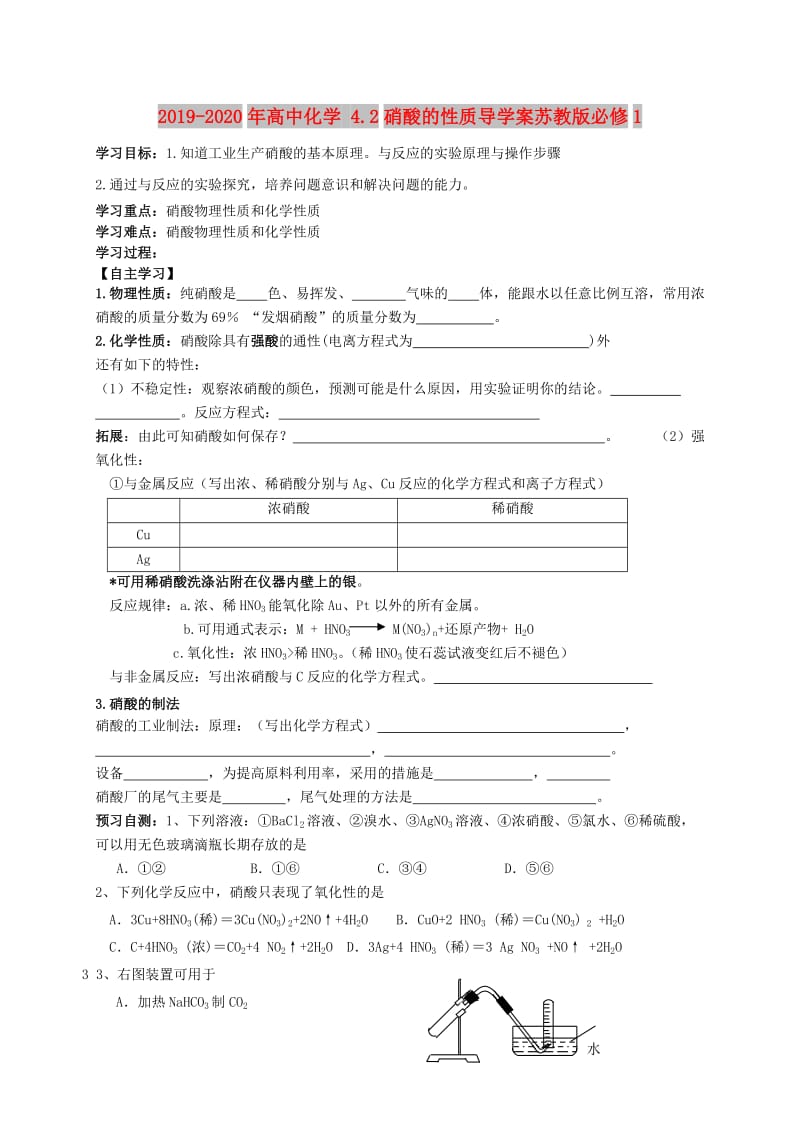 2019-2020年高中化学 4.2硝酸的性质导学案苏教版必修1.doc_第1页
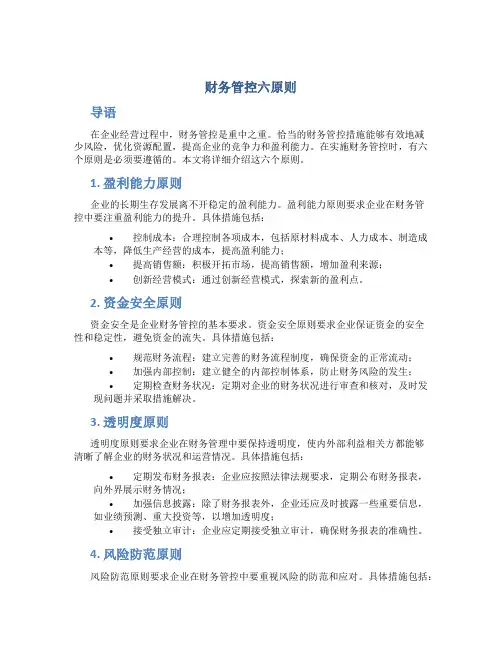 财务管控六原则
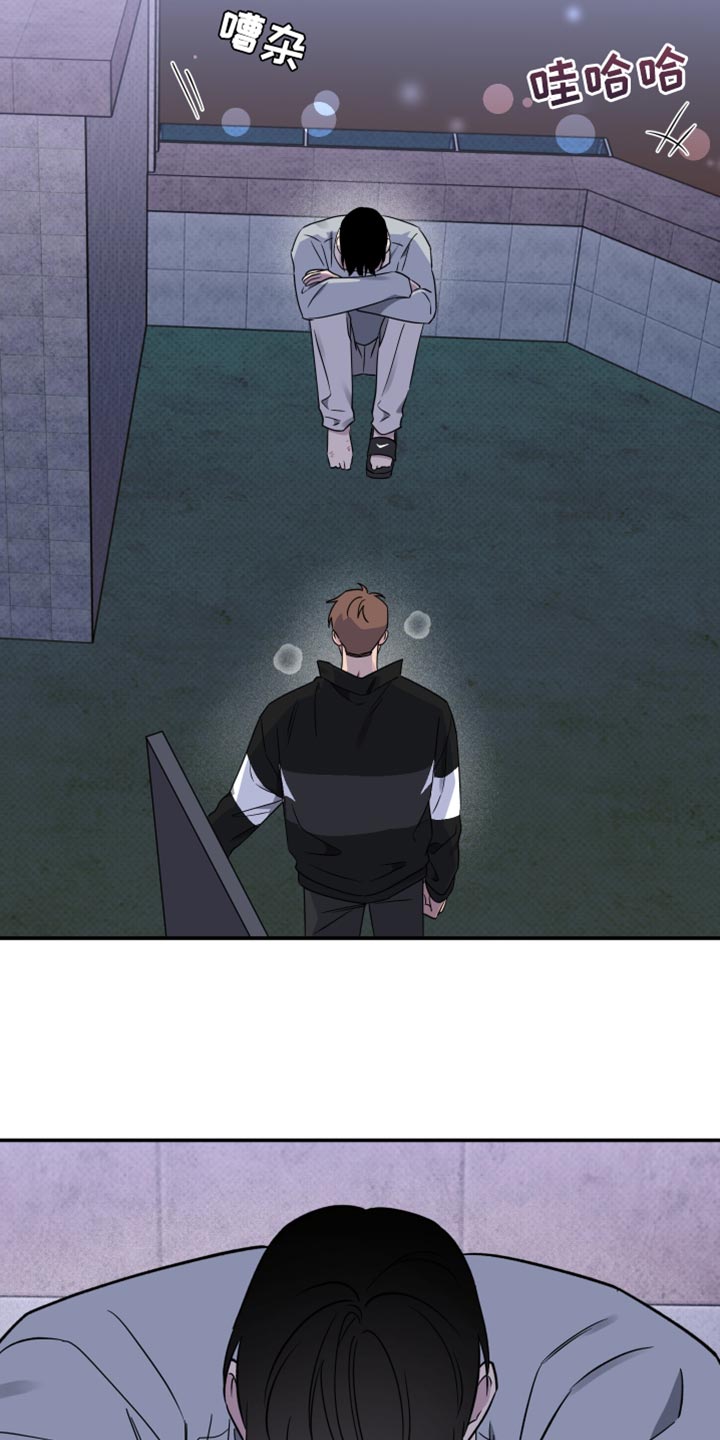 祝你好运漫画,第102章：【第二季】对你而言只是朋友3图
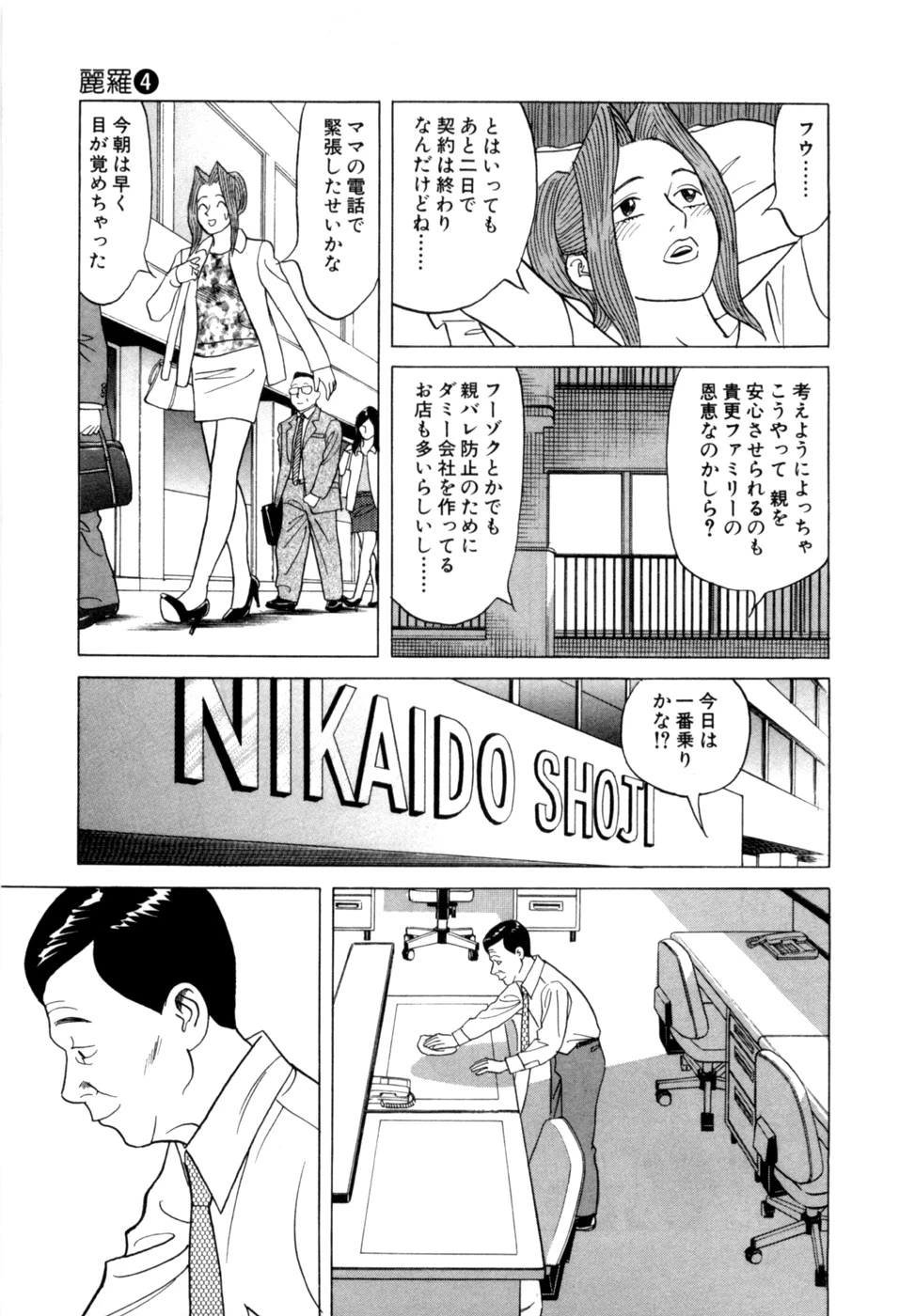 หน้า 34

*Exercise prompt:*
Return the complete data unchanged and include none of the pictures.

*Answer space:*
 2019-2020年高中化学 4.2硝酸的性质导学案苏教版必修1.doc_第1页
 财务管控六原则
 祝你好运漫画,第102章：【第二季】对你而言只是朋友3图
 หน้า 34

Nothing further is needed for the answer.